Record set:
* * * * * * *

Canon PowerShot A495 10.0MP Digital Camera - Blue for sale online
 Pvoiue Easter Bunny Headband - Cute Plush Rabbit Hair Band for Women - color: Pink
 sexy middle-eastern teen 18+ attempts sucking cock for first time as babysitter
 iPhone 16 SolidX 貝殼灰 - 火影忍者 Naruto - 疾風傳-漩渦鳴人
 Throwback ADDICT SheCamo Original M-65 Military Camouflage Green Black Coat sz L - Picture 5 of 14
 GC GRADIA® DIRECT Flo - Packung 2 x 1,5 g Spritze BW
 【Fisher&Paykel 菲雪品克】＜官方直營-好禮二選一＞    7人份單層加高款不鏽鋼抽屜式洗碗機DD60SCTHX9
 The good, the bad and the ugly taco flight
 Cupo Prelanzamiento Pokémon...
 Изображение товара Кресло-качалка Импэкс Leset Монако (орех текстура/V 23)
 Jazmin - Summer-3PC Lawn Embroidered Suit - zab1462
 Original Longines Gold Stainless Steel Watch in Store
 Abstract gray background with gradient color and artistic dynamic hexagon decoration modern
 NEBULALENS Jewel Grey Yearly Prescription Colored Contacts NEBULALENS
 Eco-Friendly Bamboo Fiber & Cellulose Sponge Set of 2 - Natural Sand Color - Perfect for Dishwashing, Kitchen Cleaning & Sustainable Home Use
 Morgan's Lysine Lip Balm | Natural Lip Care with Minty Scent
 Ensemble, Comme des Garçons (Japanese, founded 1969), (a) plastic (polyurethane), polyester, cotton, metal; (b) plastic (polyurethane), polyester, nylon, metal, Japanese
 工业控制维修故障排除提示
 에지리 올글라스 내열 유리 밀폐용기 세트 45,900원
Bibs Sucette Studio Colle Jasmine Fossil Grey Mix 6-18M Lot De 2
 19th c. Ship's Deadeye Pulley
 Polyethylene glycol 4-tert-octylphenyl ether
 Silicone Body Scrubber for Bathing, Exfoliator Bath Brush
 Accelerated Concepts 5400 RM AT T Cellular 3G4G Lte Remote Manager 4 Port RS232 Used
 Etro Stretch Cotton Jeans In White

* * * * * * *

Goal of the exercise: Give back the entries above exactly as they are, from their first line through the line that contains "GC GRADIA® DIRECT", both included, with nothing else.

Solution to the problem:
Canon PowerShot A495 10.0MP Digital Camera - Blue for sale online
 Pvoiue Easter Bunny Headband - Cute Plush Rabbit Hair Band for Women - color: Pink
 sexy middle-eastern teen 18+ attempts sucking cock for first time as babysitter
 iPhone 16 SolidX 貝殼灰 - 火影忍者 Naruto - 疾風傳-漩渦鳴人
 Throwback ADDICT SheCamo Original M-65 Military Camouflage Green Black Coat sz L - Picture 5 of 14
 GC GRADIA® DIRECT Flo - Packung 2 x 1,5 g Spritze BW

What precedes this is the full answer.